Records for this task:
- - - - -

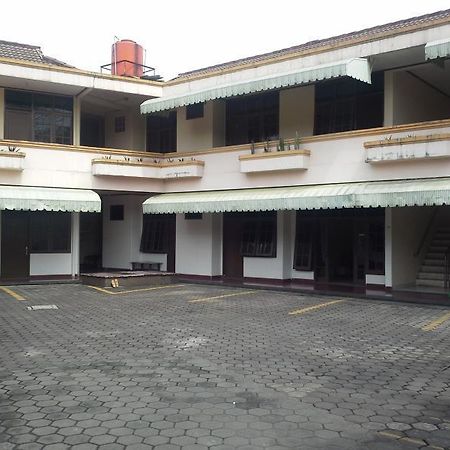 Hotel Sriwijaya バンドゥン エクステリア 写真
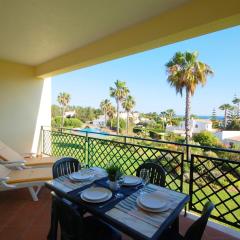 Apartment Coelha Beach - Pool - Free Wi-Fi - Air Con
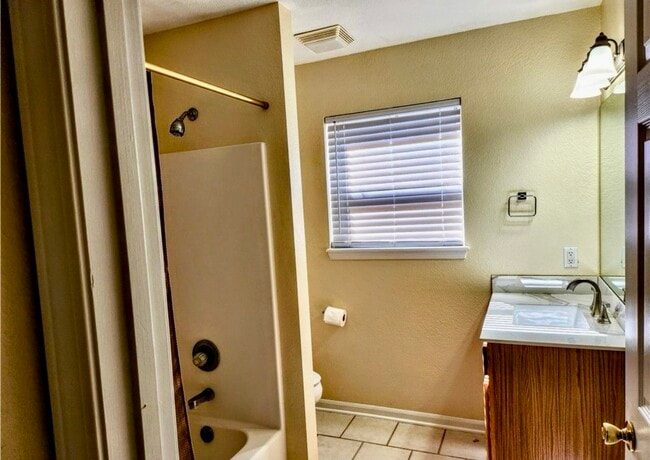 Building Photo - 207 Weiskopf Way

- - - - -

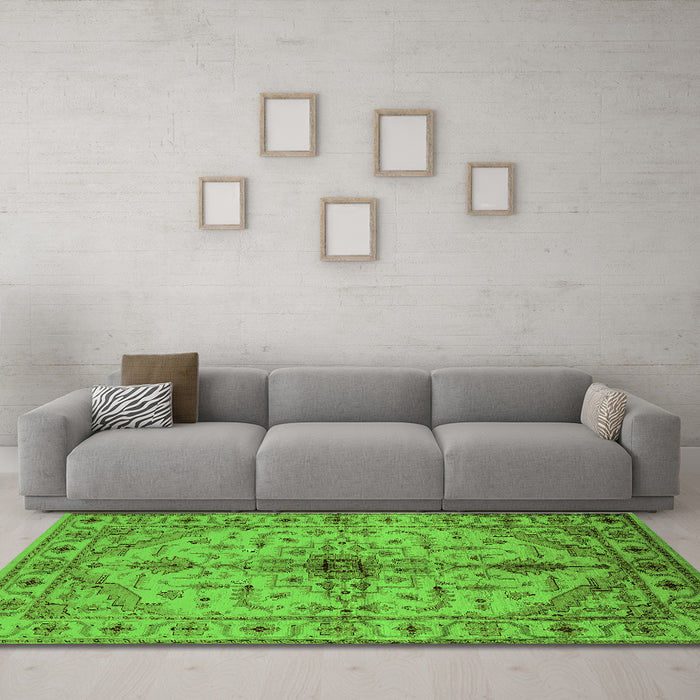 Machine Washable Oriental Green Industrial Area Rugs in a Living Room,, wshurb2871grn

- - - - -

Goal of the exercise: All pictures are to be skipped. Output, word for word, the lines in the data above starting at the line containing "Apartment Coelha Beach" and ending at the line containing "Building Photo - 207 Weiskopf Way".

Exercise answer:
 Apartment Coelha Beach - Pool - Free Wi-Fi - Air Con
 Building Photo - 207 Weiskopf Way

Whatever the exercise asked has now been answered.